Outgoing deputy governor of the Reserve Bank of India Viral Acharya credited flexible inflation targeting, low crude prices and efficient food supply management for successful taming of headline inflation in recent years Saturday. The RBI shifted to aflexible inflation targeting with a headline target of 4 percent(+/- 2 per cent) when the Monetary Policy Committee (MPC) was instituted in 2016.
“The important reform of flexible inflation targeting, helped by low oil prices and better food supply management, has kept the headline inflation under control during the last five years, relative to the mandated target,” Acharya was quoted as saying in a statement on RBI website. Acharya, whose resignation was announced early this week, delivered a lecture on `Development of viable capital markets- The Indian Experience’ at the Indian School of Business, Hyderabad. He said two preconditions for macro-economic stability — stable growth and low inflation – which are also necessary for financialisation of savings and capital market development, are now in place in the country.
The deputy governor said major segments of capital markets – central government securities (G-Sec), state development loans (SDL), corporate bond market and equity markets – have experienced consistent growth during the past few decades in terms of primary issuance, market capitalisation and trading volumes in the secondary market.
Though the equity market remains the largest segment, G-Secs, SDL and corporate bond markets have also grown steadily. The monetary authority has been making a conscious and continuous effort to expand the investor base and thereby increase the liquidity in the markets it regulates, while preserving financial stability. An expanding investor base increases the diversity in the market and efforts in this direction need to be sustained, with a particular focus on the domestic institutional investor base, Acharya, who will be leaving the Mint Road on July 23, said.

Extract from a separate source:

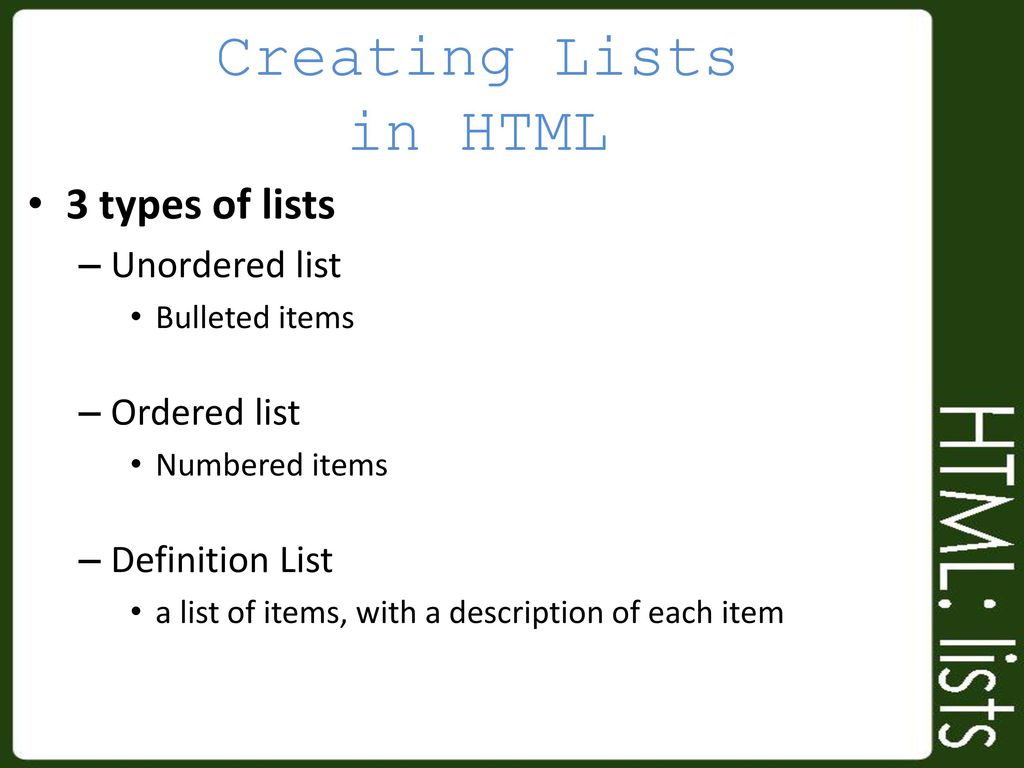 Lists in HTML PowerPoint How to create lists in HTML - ppt download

Improving pension and insurance coverage for households can be a priority as it not only leads to social welfare outcomes, but also leads to a stronger and more stable investor base for capital markets, he noted. “Better financialisation of household savings could be a catalyst for retail participation in markets, which in turn can provide a boost to collective investment vehicles such as mutual funds and alternative investment funds,” Acharya said.

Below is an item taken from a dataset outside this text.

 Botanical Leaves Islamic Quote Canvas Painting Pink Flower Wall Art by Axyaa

Liquidity in the secondary market Gilts has noticeably improved over the past decade and the average daily volume in the G-Secs and SDL markets has remained higher than the combined volumeof the corporate bonds and equity cash markets, he said. The corporate bonds market has grown over the years to USD 447 billion of outstanding stock as of March 2019, clipping at an annualised rate of 13.5 percent during the last four years. Issuances are predominantly through private placements and dominated by high credit issuers.
In the just concluded fiscal, as much as 79 percent of the issuances were by entities rated A or higher. Secondary market trading has also picked up in the recent past, with trading volume jumping from USD 170 billion in FY15 to USD 267 billion in FY19,he said. “Deep and liquid complementary markets like the repo and derivatives play a crucial role in growing the cash market as they help investors in funding and hedging,” he said.
Over the past few years, the RBI has taken many measures to help develop the repo markets for both government securities and corporate bonds. Consistent investment interest by domestic institutions like pension funds and insurance funds as well as foreign portfolio investors has also played important role in developing the corporate bond market. He said with greater confidence in time-bound and efficient resolutions under the bankruptcy laws, foreign investors are likely to explore investment in sub-investment grade and distressed corporate assets. He further said with the bankruptcy law, the legal framework for financial regulation is also moving closer to being comprehensive and effective in the context of non-financial corporate borrowers.
“However, the lack of a bankruptcy resolution framework for non-bank financial entities remains a crucial gap that deserves prompt attention of the authorities,” Acharya added.